3

I'm trying to implement a very basic wordcount example with MRJob. Everything works fine with ascii input, but when I mix cyrillic words into the input, I get something like this as an output

"\u043c\u0438\u0440"    1
"again!"    1
"hello" 2
"world" 1

As far as I understand, the first row above is the encoded single occurrence of cyrillic word "мир", which is a correct result with respect to my sample input text.
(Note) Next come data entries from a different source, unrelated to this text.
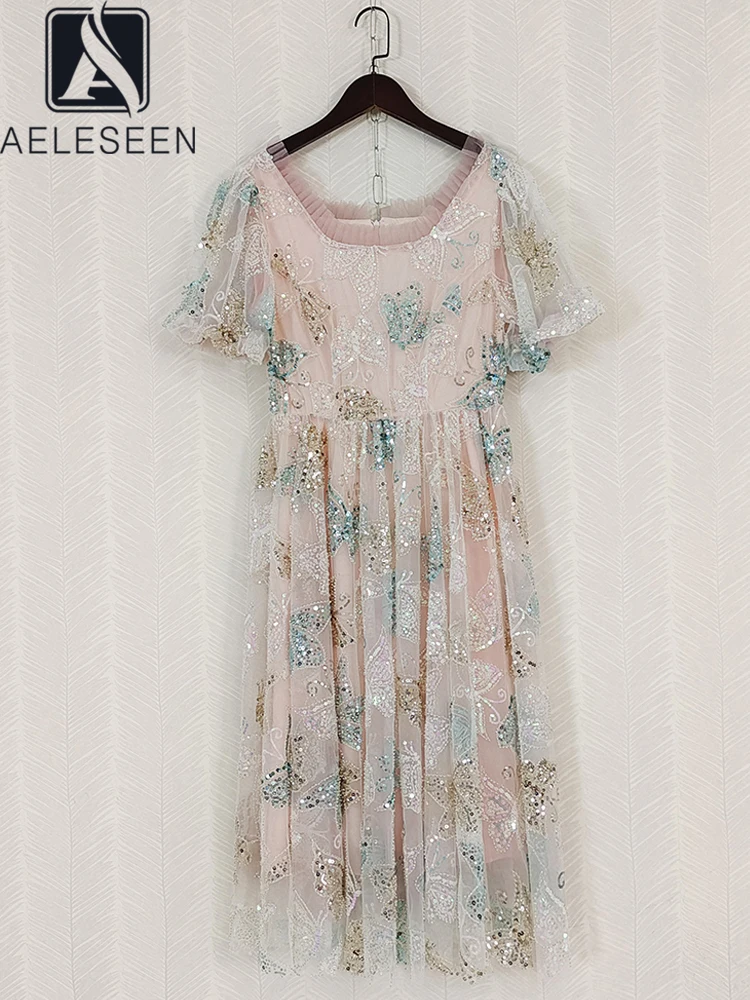 AELESEEN, роскошное женское платье с блестками, высокое качество, летнее платье с вырезом лодочкой, цветочной вышивкой, Сетчатое розовое платье средней длины, Элегантное Вечерние
AELESEEN, роскошное женское платье с блестками, высокое качество, летнее платье с вырезом лодочкой, цветочной вышивкой, Сетчатое розовое платье средней длины, Элегантное Вечерние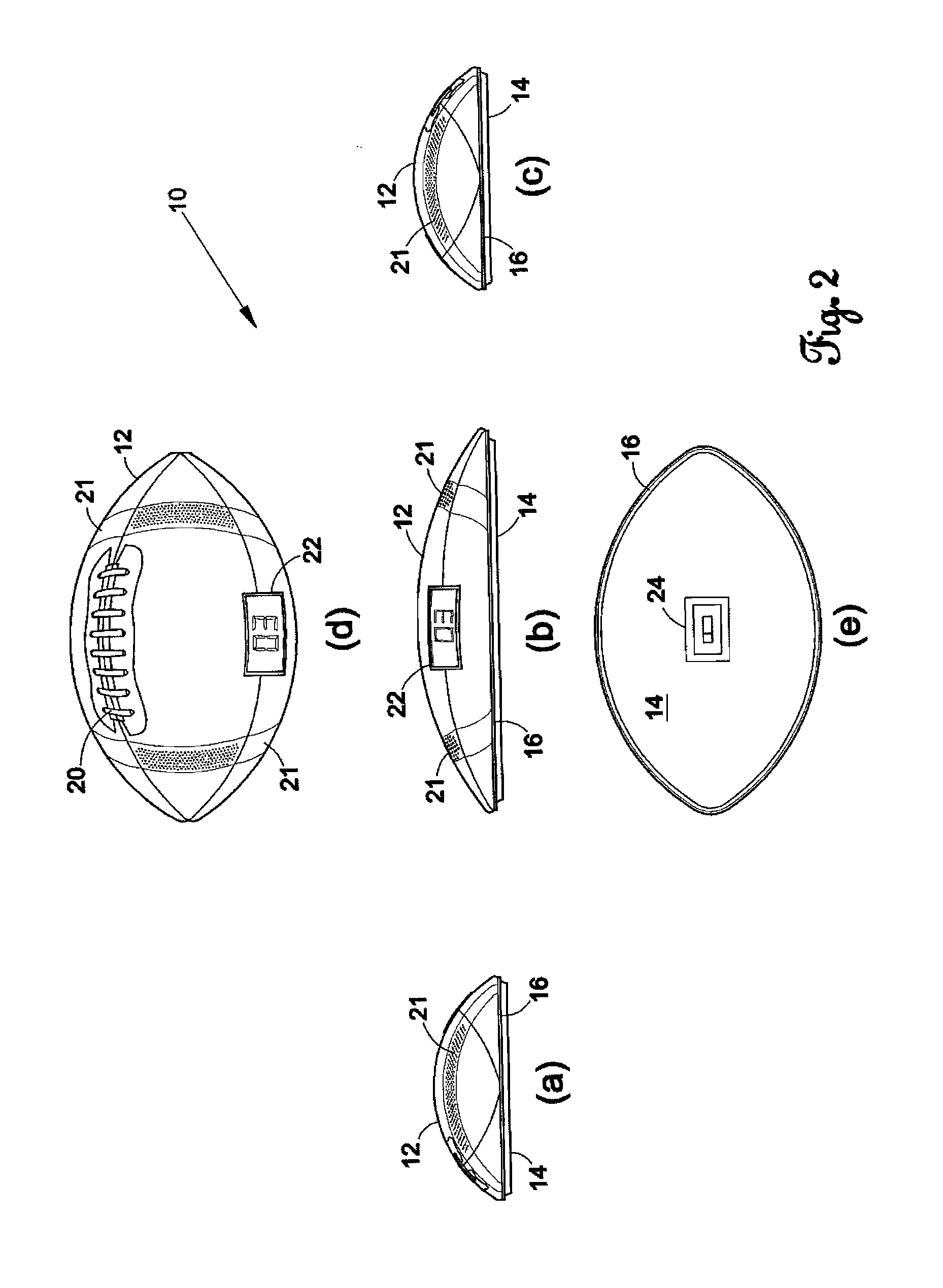 Football counting device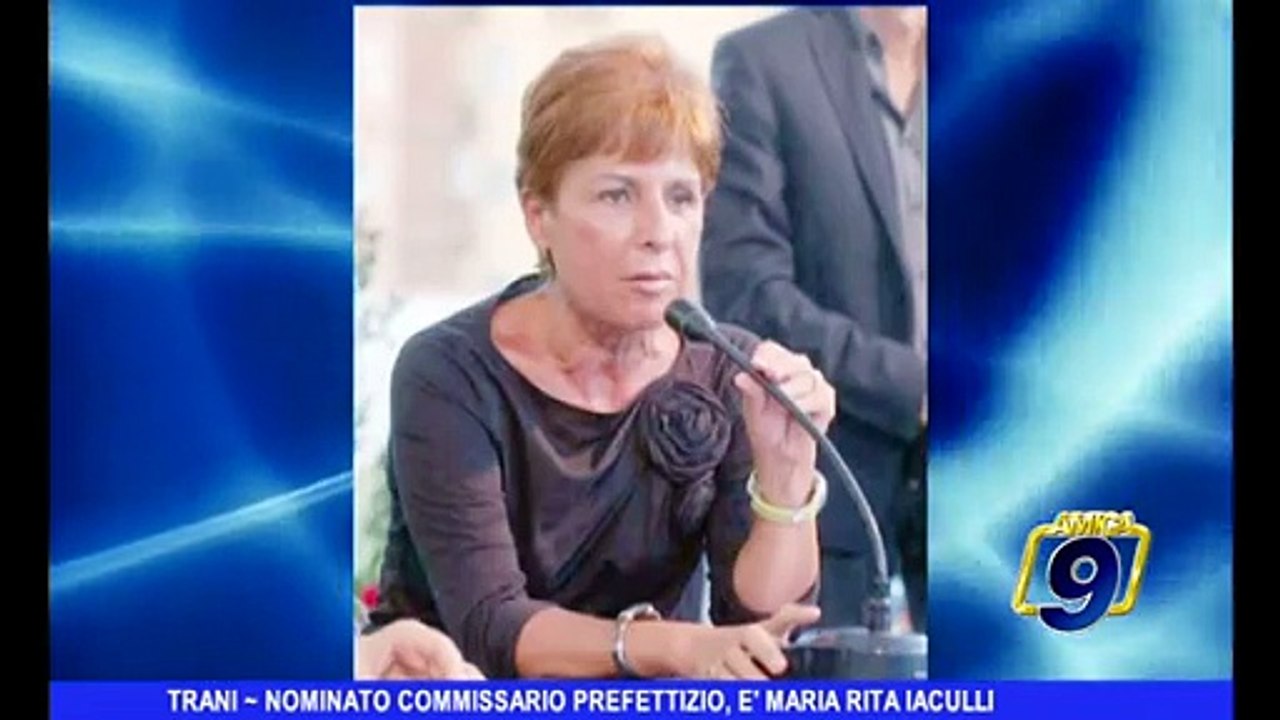 TRANI | Nominato commissario prefettizio, è Maria Rita Iaculli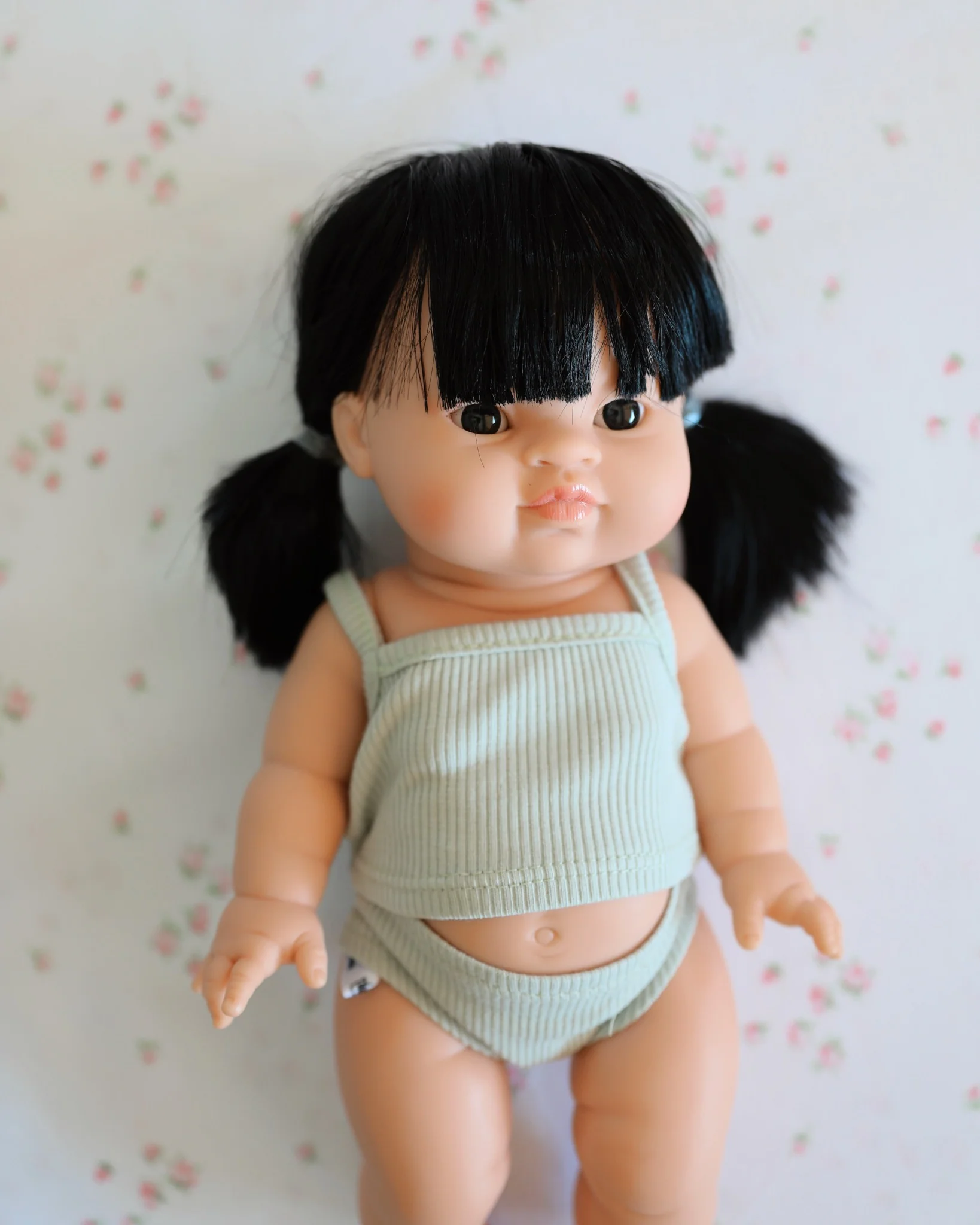Minikane Doll Clothes | Baby Girl Doll Underwear Set (Mint) - Image 3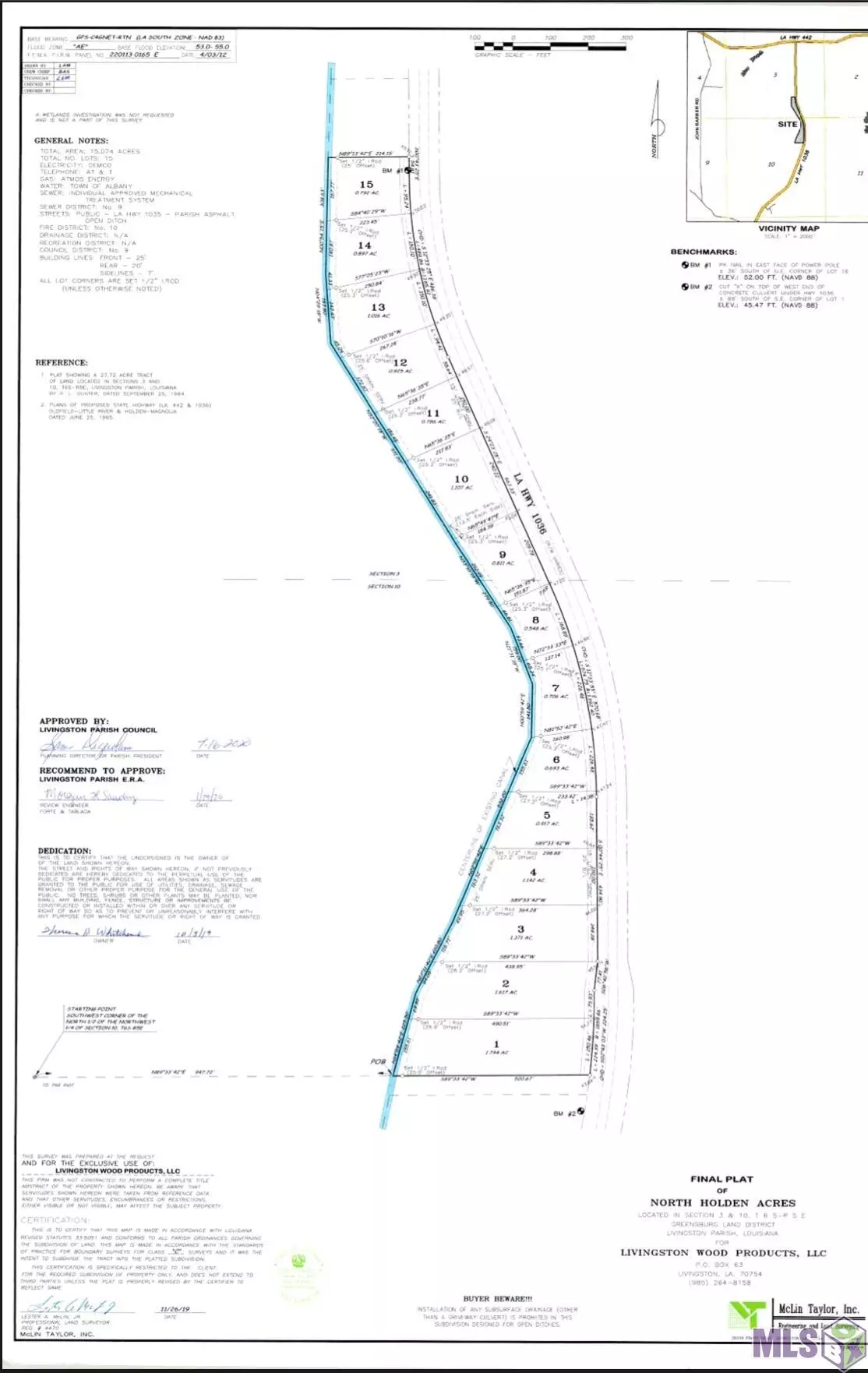 Holden, LA 70774,Lot 6 LA HWY 1036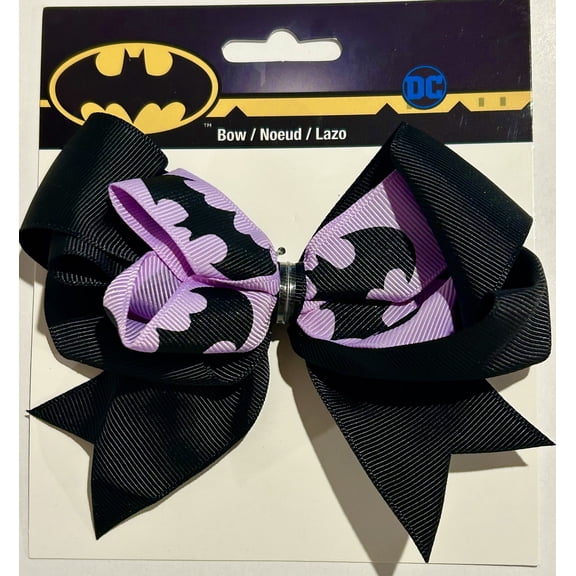 DC Comics Batman / Batgirl Bow Decorative Embellishment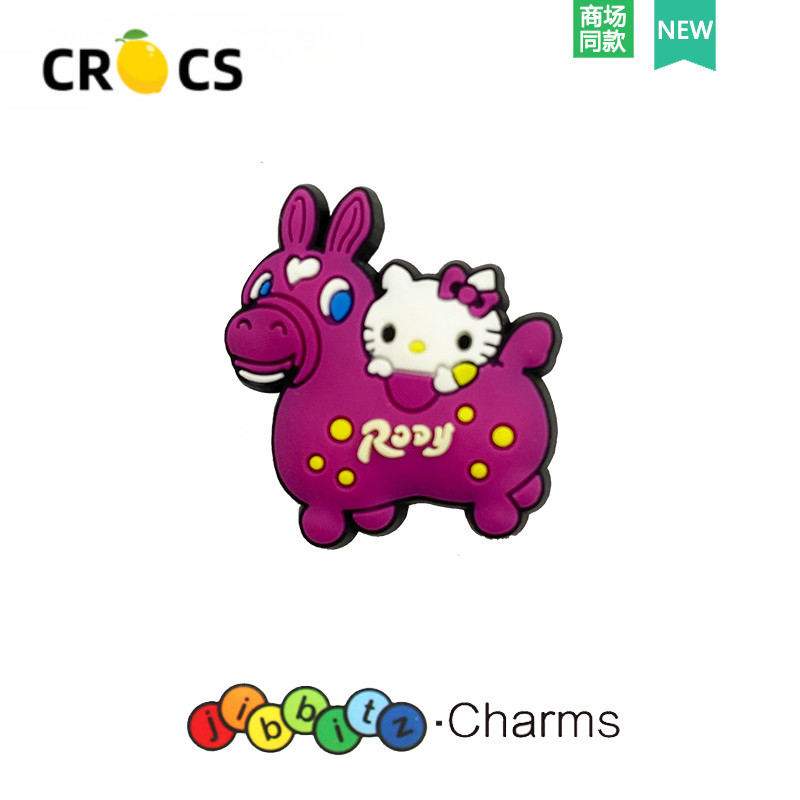 Crocs jibbitz ตัวติดรองเท้า crocs ลายการ์ตูนแมวเฮลโลคิตตี้น่ารัก สําหรับตกแต่งรองเท้า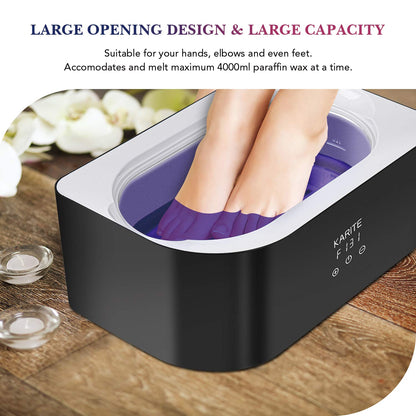 Karite Paraffin Wax Bath 4000ml – Hand & Feet Wax Warmer with Auto-Time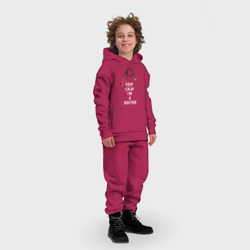 Детский костюм хлопок Oversize Keep calm I'm a Doctor - фото 2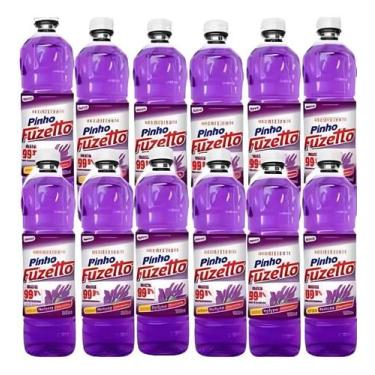 Imagem de Kit 12 Desinfetante Fuzetto 500ml Banheiro Cozinha Lavanda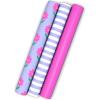 Image Arts Birthday Wrapping Paper Mini Rolls, 3-Pack (Pink Flowers on Purple, Solid Pink, Purple and White Stripes) for Kids Parties, Mother’s Day, Easter, Spring, Any Occasion – 27 Sq. Ft. Total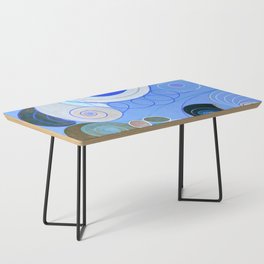 The Ten Largest, Group IV, No.4 (Blue) by Hilma af Klint Coffee Table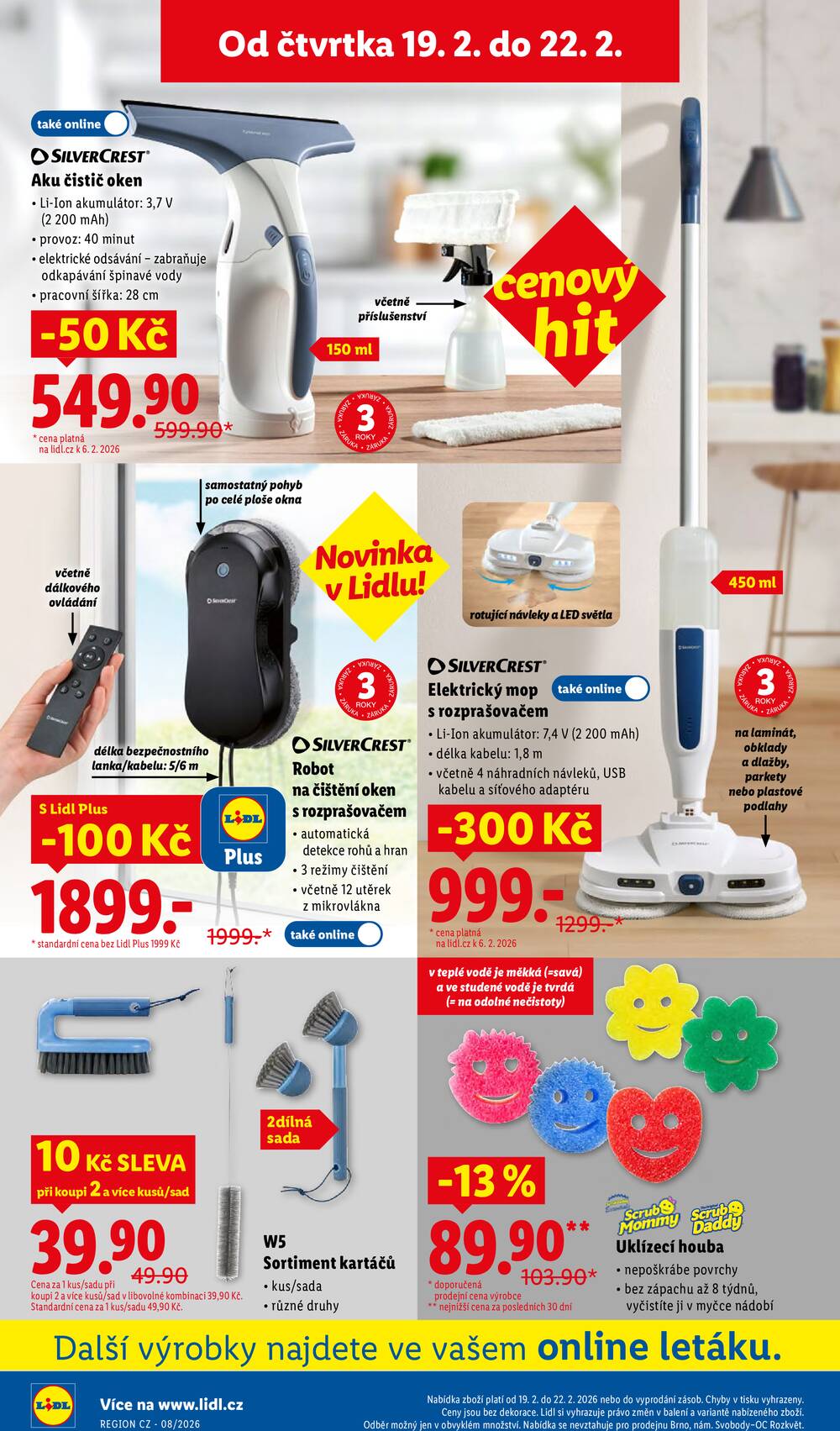 Lidl Čtvrtek od 19.2. do 22.2.2026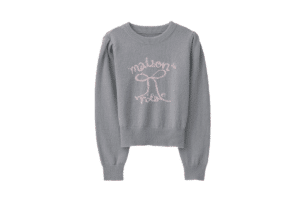 Rolarola Rola Ribbon Puff Sleeve Knit Gray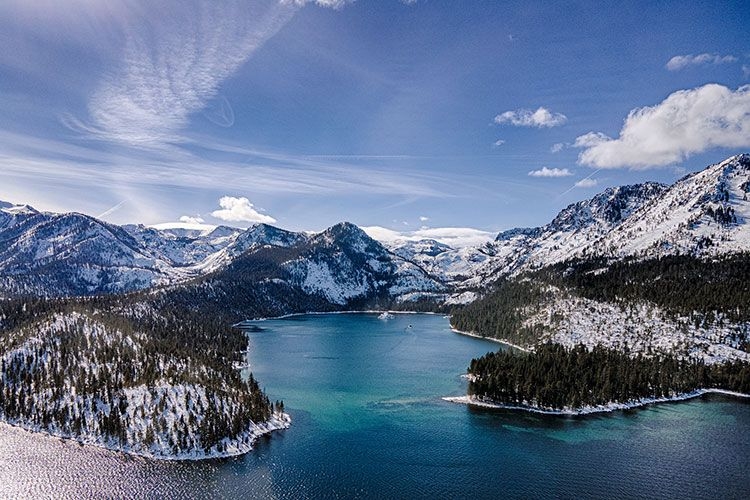 December in Lake Tahoe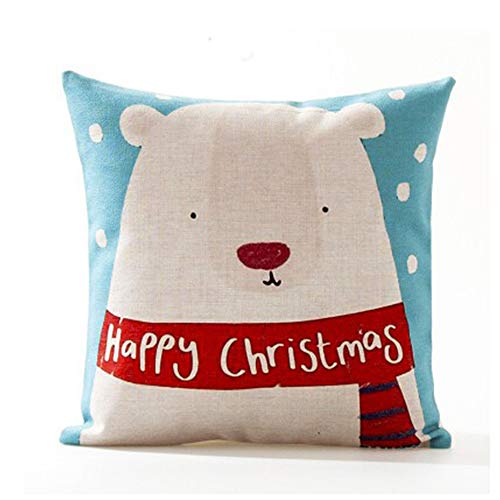 AAYU Christmas Decorative Throw Pillow Covers 18 x 18 Inch Set of 4 Linen Cushion Covers for Couch Sofa Bed Home Decor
Here is MR code

class MRWordCount(MRJob):

    def mapper(self, key, line):
       line = line.decode('cp1251').strip()
       words = line.split()
       for term in words:
          yield term, 1

    def reducer(self, term, howmany):
        yield term, sum(howmany)

if __name__ == '__main__':
        MRWordCount.run()

I'm using Python 2.7 and mrjob 0.4.2 on windows. My questions are:

a) how do I manage to correctly produce readable cyrillic output on cyrillic input? b) what is the root cause of this behavior -- is it due to python/MR version or expected to work differently on non-windows -- any clues?

I'm reproducing the output of python -c "print u'мир'"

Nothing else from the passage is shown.